Estimate unknowns: make informed assumptions about factors like connection load probability, traffic situations or average velocity, empty return trips, shifts required, and equipment depreciation. These assumptions are refined through regular updates and validation against real-world data.
Transfer values to an actual transport: derive the necessary time-dependent (€/h, €/year) and distance-dependent (€/km) cost factors (fix & variable) and apply them on transport level in combination with specific parameters, such as connection load probability or empty return trips.
This approach allows you to identify and break down the total costs associated with a specific transport into individual elements. However, like all models, it requires assumptions that may not perfectly reflect reality. As a result, calculated costs can differ from observed market prices due to factors such as supply and demand dynamics or carriers' tactical behavior. Despite these limitations, a cost model provides valuable estimates at the transport level and offers actionable insights when aggregated (e.g. at country-to-country level).
Outcome & fields of application
The outcome of such calculation is shown in the graph below. It shows the cost shares of a domestic German transport at a distance of 302 km. The model reveals shifts of cost factor influence over the last two years, such as the impact of decreased diesel prices and increased toll fees.
Source: Transporeon Cost Insights
For shippers, this information clarifies the cost structure within their network. It provides a clear breakdown of how each cost factor impacts the overall price, empowering informed decisions during negotiations and budgeting. For example, shippers can easily understand the fuel share in rates and the proportion of driver and toll costs. This knowledge proves invaluable when faced with cost increase requests, such as those due to toll increases in Germany or the Mobility Package. Moreover, it enables shippers to set more accurate fuel floaters, as they have a precise understanding of the fuel share in their network.
Armed with this information, shippers can more accurately assess future cost changes, such as announced toll fee increases or projected wage hikes, based on precise cost shares rather than relying on rough estimates. This approach also enables swift set-up of forecast values for upcoming budgeting cycles.
Carriers also benefit from cost models in various ways. While they typically have a good grasp of their own cost basis, a model can help them compare against market standards. Additionally, carriers sometimes act as shippers when subcontracting, and in these cases, additional market information becomes crucial. This is particularly relevant in a market with many non-asset or limited-asset based players.
Both shippers and carriers can leverage cost models as an automated adjustment tool for components like toll and wages.
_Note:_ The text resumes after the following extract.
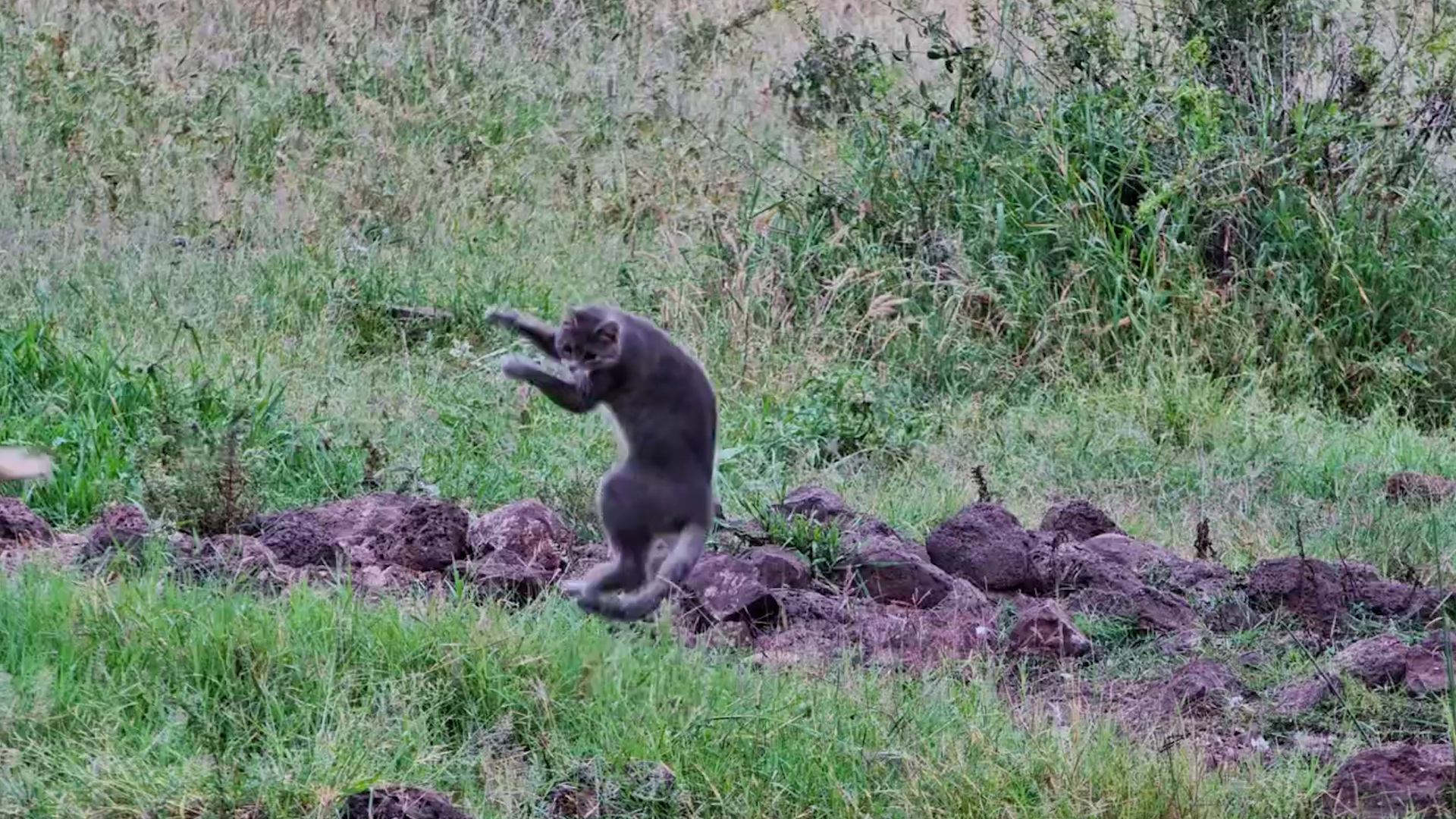 Watch the Grass Move… Something Is Hunting Beneath It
This approach is especially beneficial for long-term contracts or when using specialized equipment, ensuring fair and up-to-date pricing throughout the contract duration.
The bottom line: Cost models as a compass, not a GPS
A cost model is like a trusty compass in the wild world of freight pricing. It points you in the right direction, but it won't tell you exactly where to step. However, it's important to remember that it's just one piece of the puzzle. The model provides an estimate, not an exact market price, as it can't account for all variables that influence a carrier's pricing decisions.
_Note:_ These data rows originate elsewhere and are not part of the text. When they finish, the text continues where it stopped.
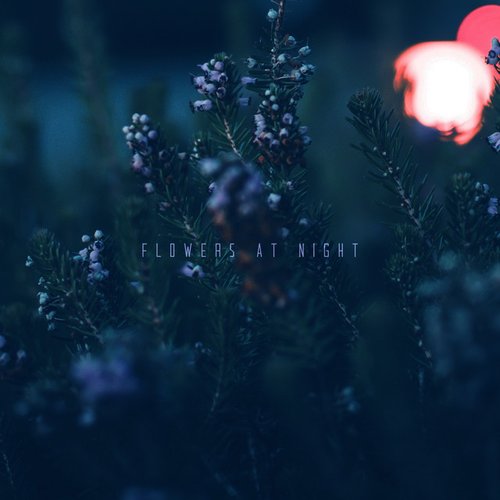 Flowers at night - Single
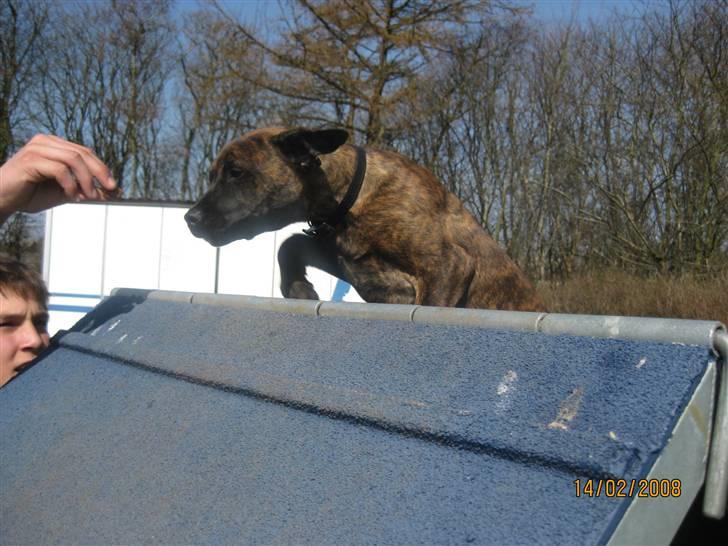 Blanding af racer Kita - Her øver jeg i Skærbæk med min gode ven Thomas :) billede 5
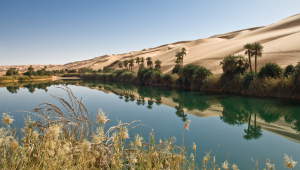 An oasis of blue water surrounded by desert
Think about it this way: carriers might offer lower rates if they have advantageous return routes or if their equipment costs (e.g. due to fully depreciated equipment) are lower than average. These factors aren't typically captured in a standard cost model.
Despite these limitations, don't let that scare you off! A cost model is still a fantastic tool to have in your freight toolkit. It helps identify key cost drivers, enhances transparency, and gives you solid ground to stand on during negotiations. While it's not a silver bullet for understanding all price fluctuations, it's an essential tool that, when used wisely, can seriously level up your freight pricing game.